Finding lists as fast as possible via GAP

Question

Call a list with $n$ entries $[c_0,c_1,...,c_{n-1}]$ an n-LNakayama algebra in case the following conditions are satisfied:

• $c_i \geq 2$ are natural numbers for $i \neq n-1$ and $c_{n-1}=1$.

• $c_i -1 \leq c_{i+1}$ for all $i=0,1,...,n-2$.

I managed to program this, imitating the programme of ahulpke here: Finding elements of cartesian product satisfying a set of constraints in GAP .

Here the program:

BuildSequencesLNak:=function(n)
local all,range,len,new,seq,i,sel;
all:=[[1]];
range:=[2..n];
for len in [1..n-1] do
    new:=[];
    for seq in all do
        sel:=Filtered(range, x->x<=1+seq[1]);
        for i in sel do
            Add(new,Concatenation([i],seq));
        od;
    od;
    all:=new;
od;
return all;
end; 

Call an index $i$ projective-injective in case $c_i \geq c_{i-1}$ (setting $c_{-1}=1$ and calculating mod $n$ for the indices).

Now call a $n$-LNakayama algebra special in case the following is true:

In case $i$ is projective-injective, also $i+r$ is projective injective for every $r=c_{i-1},c_{i-1}+1,...,c_i -1$ (no condition for this $i$ in case $c_{i-1}=c_i -1$).

I can program also this by using Filtered in GAP after making the list of all n-LNakayama algebras with the above program BuildSequencesLNak, but it is not as fast as I want and so I wonder how to make it faster.

I can get the list for about n=16 and then it loads very long.
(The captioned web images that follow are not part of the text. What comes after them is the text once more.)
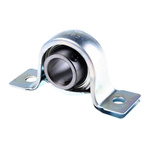 NSK-RHP LPB-20 Pillow Block Bearing -, 20mm ID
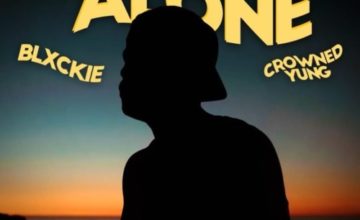 Dan Duminy – Alone ft. Blxckie & CrownedYung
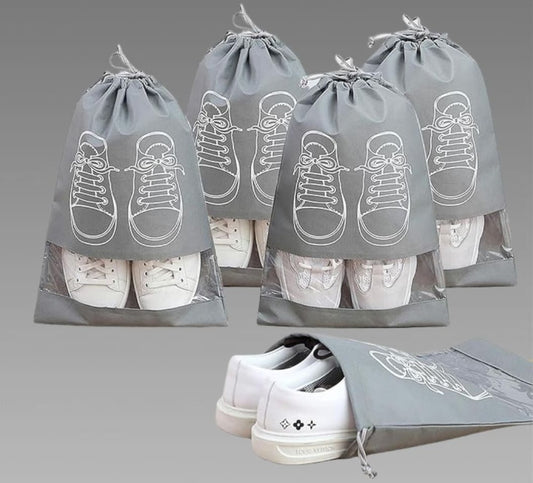 Shoe Cover Bags – Travel Set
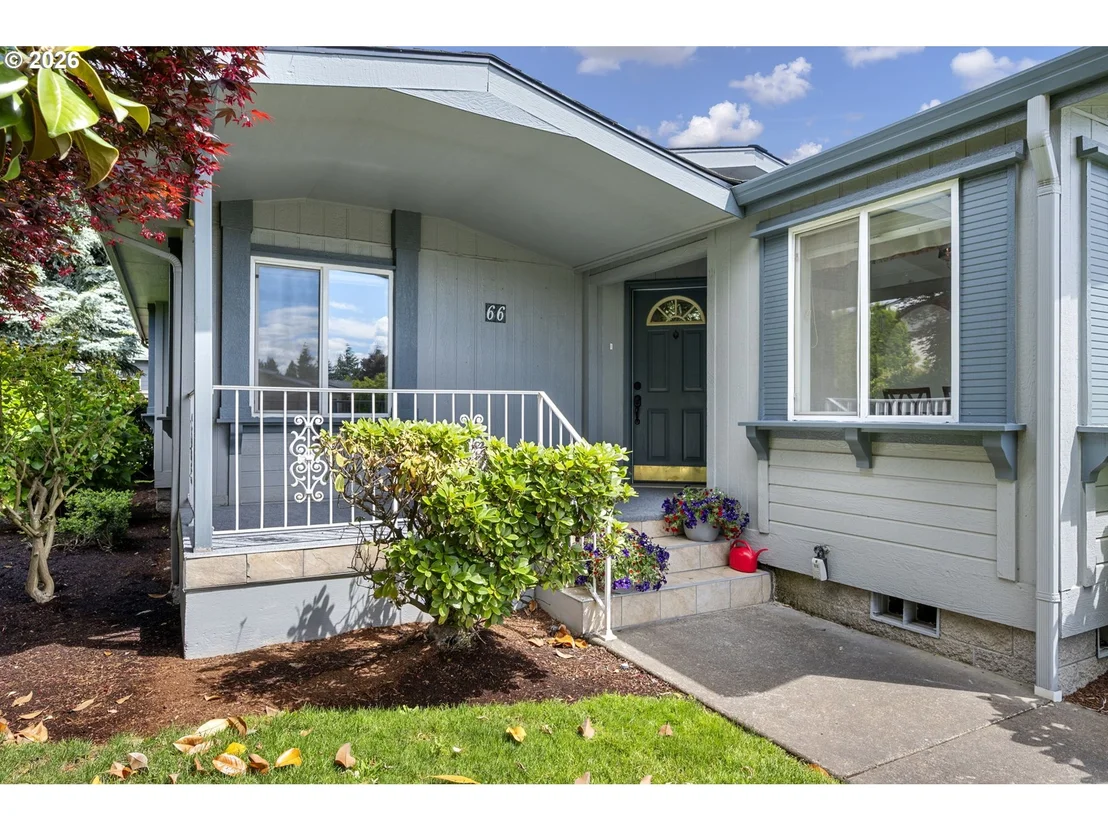 Photo of Unit 66 at 3220 CRESCENT AVE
I would hope that with a somehow better program one might get to n=21 or 22 to test some conjectures.

Example: All 5-LNakayama algebras: [ [ 2, 2, 2, 2, 1 ], [ 3, 2, 2, 2, 1 ], [ 2, 3, 2, 2, 1 ], [ 3, 3, 2, 2, 1 ], [ 4, 3, 2, 2, 1 ], [ 2, 2, 3, 2, 1 ], [ 3, 2, 3, 2, 1 ], [ 2, 3, 3, 2, 1 ], [ 3, 3, 3, 2, 1 ], [ 4, 3, 3, 2, 1 ], [ 2, 4, 3, 2, 1 ], [ 3, 4, 3, 2, 1 ], [ 4, 4, 3, 2, 1 ], [ 5, 4, 3, 2, 1 ] ]

The special ones among them:

[ [ 2, 2, 2, 2, 1 ], [ 2, 3, 2, 2, 1 ], [ 3, 3, 3, 2, 1 ] ]

The number of n-LNakayama algebras should be $C_{n-1}$, the Catalan numbers. The number of special n-LNakayama algebras should be given by https://oeis.org/A005043 (at least for $n \leq 15$), although I know no proof.

Answer 1

Two obvious speed improvements are to replace sel with an immediate bound calculation and to build the list in reverse order, avoiding Concatenation and a list of length 1, that is the inner loop becomes

    for i in [2..seq[Length(seq)]+1] do
      nl:=ShallowCopy(seq);
      Add(nl,i);
      Add(new,nl);
    od;

However a back-of-an envelope calculation indicates that for $n=21$ memory use might be prohibitive. You might have to think about reducing intermediate storage and discarding sequences that are not special.